Welcome to a BetaKit weekly series designed to help startups and entrepreneurs. Each week, investors Roger Chabra and Katherine Homuth tackle the tough questions facing founders today. Have a question you would like answered? Tweet them with the #askaninvestor hashtag, or email them here.
This week, we answer a question clarifying the role of a venture capitalist. Just like the role of a founder morphs, the role of a VC changes throughout the life of a startup. Getting a product to market fit is a very different situation than selling a company to a strategic acquirer, and requires very different opinions, strategies and capabilities. However, there are some generalities that you can expect from your friendly neighbourhood VC. As you go about making the important decision of which VC firm you want to partner with, keep the “5 C’s” below in mind. You’ll get the most out of VCs who are all five of the below.
Capitalizer
First and foremost, your VC needs to provide funding for your business. Their primary job is to provide the fuel (cash) for your engine (company). Yes, yes, this is obvious, but I find that people lose sight of this important function sometimes. Value add things like helping with hiring, customer and partner intros, strategic insights, and connections to potential acquirers are all important. Over my years as an investor, however, I’ve yet to meet a great entrepreneur who doesn’t prize the funding from a VC above a lot of these other value add factors. Breaking it down to basics, VCs provide money for your company. Don’t lose sight of that.
Find yourself a VC who has it in their nature to spread love about you and your company.
With the exception of some smaller seed fund investors, your VC should have enough money to capitalize your company over at least one more round of financing in the future — and hopefully more. Make sure you understand the funding possibilities and historical patterns of your VC, in both good (e.g. your next round is a nice, healthy, upround) and bad scenarios (e.g. you need a bridge round or can’t find a new investor for your next round).
Even if you understand what money is available to you, remember that money is never unconditional. You’ll have to work hard to meet your agreed upon milestones, and to develop your relationship with your VC so that money is available when, and if, you need it.
Coach
The best VCs understand their role in the startup food chain. They are coaches, not players. This means they stay on the sidelines and don’t actually play the game. Problems often arise when investors confuse the two and get too involved in the day-to-day operations of a company. This is a recipe for disaster.
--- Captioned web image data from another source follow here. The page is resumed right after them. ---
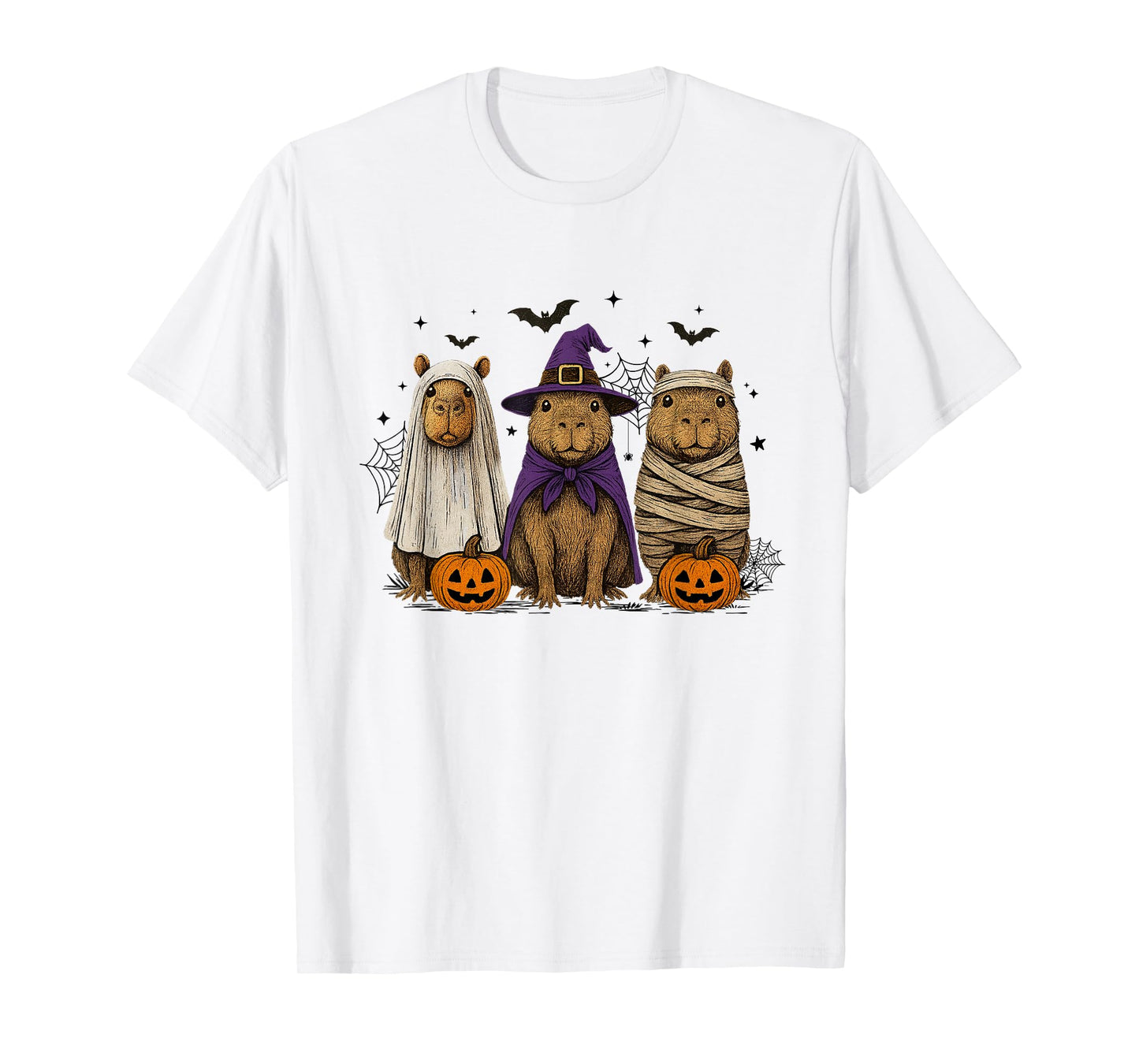 Capybara Ghost Witch Mummy Halloween Costume Men Women Kids T-Shirt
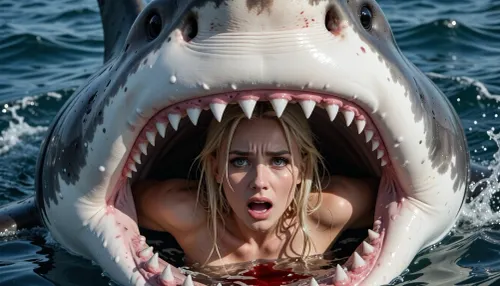 An extremely beautiful, naked blonde woman, her face and outstretched arms are visible inside the open jaws of a shark—she is pleading for help. The scene takes place at sea, featuring a massive, man-eating great white shark. The woman is terrified, with sheer horror and fear in her eyes. The frame captures her face in striking, vivid detail, alongside the enormous, open-jawed shark. There is blood inside the shark's maw and in the surrounding water, the shark’s teeth are visible, as are its large, dark, sinister eyes. The woman’s face is rendered with perfect, intricate detail—her eyes are wide open, reflecting a desperate struggle for survival.
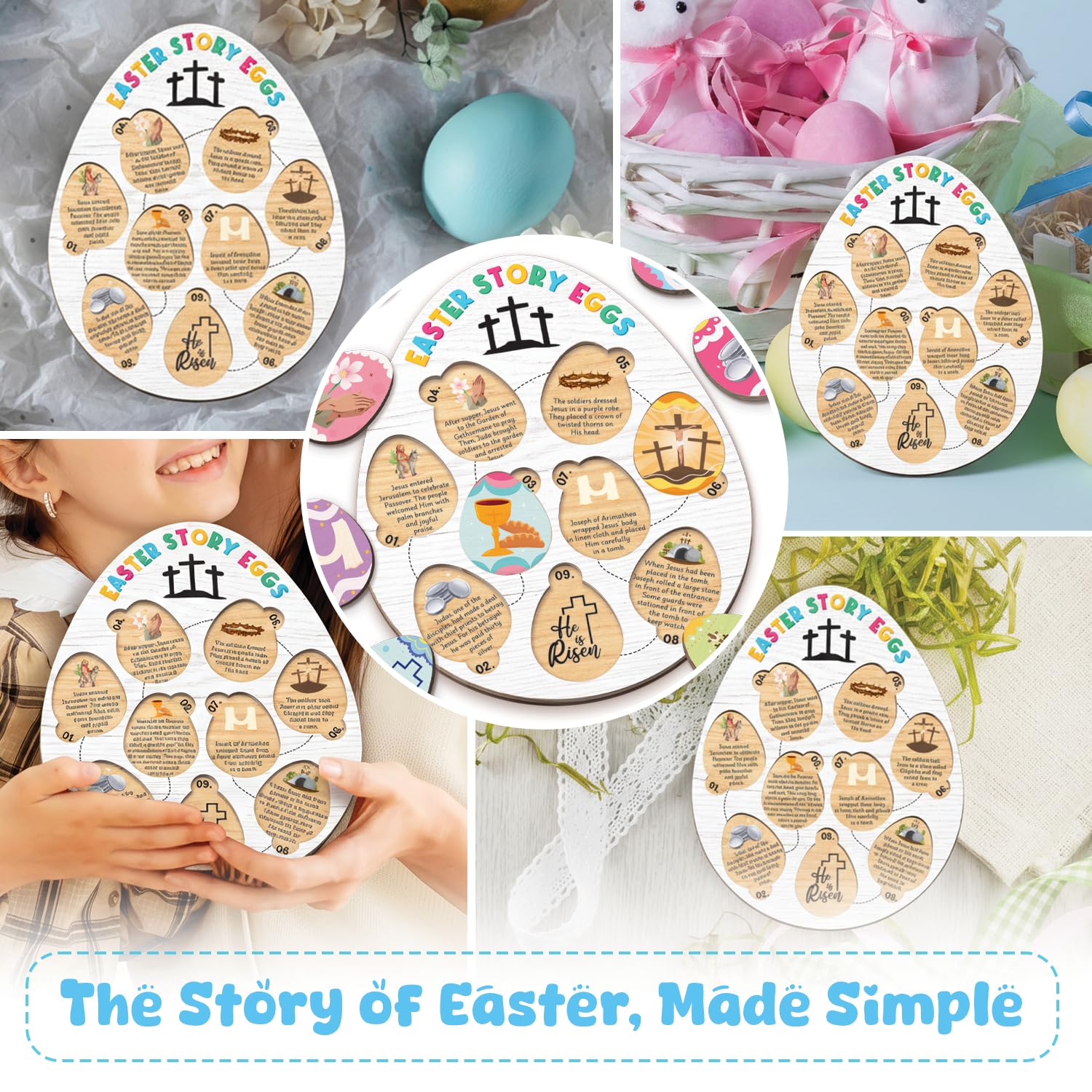 Faith based play with Easter Story Eggs set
Find yourself a VC who knows where they can add the most value. Someone who has enough experience to be a coach to you and your executive team. To help you see a larger perspective when you are caught up in the never-ending details of building your company. Someone who can connect you with the right people who have had similar experiences to help you make important decisions. Someone who can introduce you to potential hires that can work alongside you day-to-day to help you build real value in your business.
Critic
A mentor of mine explained the role of a VC to me early in my career. “Your role is to be an extra pair of hands for the CEO of the company you invested in.” What he meant by that was, whatever major three or four things a CEO is working on at any one time, that is what you need to dig in and help with.
He further explained to me, however, that being an extra pair of hands doesn’t mean that you always have unconditional support for what a CEO is seeking to do with their business and the actions they are taking within the business. You have to maintain a balanced view on what is right for the business, and sometimes that means being a critic of the CEO.
Being a good critic is all about how you deliver feedback. VCs will certainly give their own opinions and suggestions on given topics directly, but the best ones will allow CEOs to arrive at their own decisions. This can be achieved primarily by putting a CEO in touch with people who have faced similar issues or had similar experiences. That way a CEO can get insight from the people who have been there and done that, contextualize the feedback to their own situation, and come to an appropriate decision.
Being a critic is okay, and, in fact, the best entrepreneurs I know expect it and want feedback to better themselves and their companies. Being a jerk, however, is not okay. Repeatedly being a critic of a CEO directly is bad investor behaviour, regardless of the company’s situation. Find yourself a VC who is a critic, but not a jerk.
Concierge
You want your VC to be a trusted advisor — find one that you feel comfortable sharing your biggest successes and problems with.
Building upon the “extra pair of hands for a CEO” concept, the best VCs also act as concierges. They are always available and on call to help with important issues whether those are business-related or personal. When I was a VC, I always strove to be the first call that a CEO would make if they needed advice, whether that was good news or bad news. You want your VC to be a trusted advisor — find one that you feel comfortable sharing your biggest successes and problems with.
Cheerleader
Finally, you should expect your VC to be an energetic cheerleader for your business.
Now that I am back on the operating side, I am aware of the importance of this role more than ever. It’s hard enough building a company, and, unfortunately, critics of entrepreneurs and startups abound everywhere. You need your VC to be constantly out in the market saying good things about your company. You need them “bigging you up” to other investors. You need them writing about you in their blogs and speaking about you during their panel talks and in the media.
The best VCs do this innately. It is why they are in the VC game in the first place. They are deal junkies and are passionate about entrepreneurs and disruptive visions. Find yourself a VC who has it in their nature to spread love about you and your company.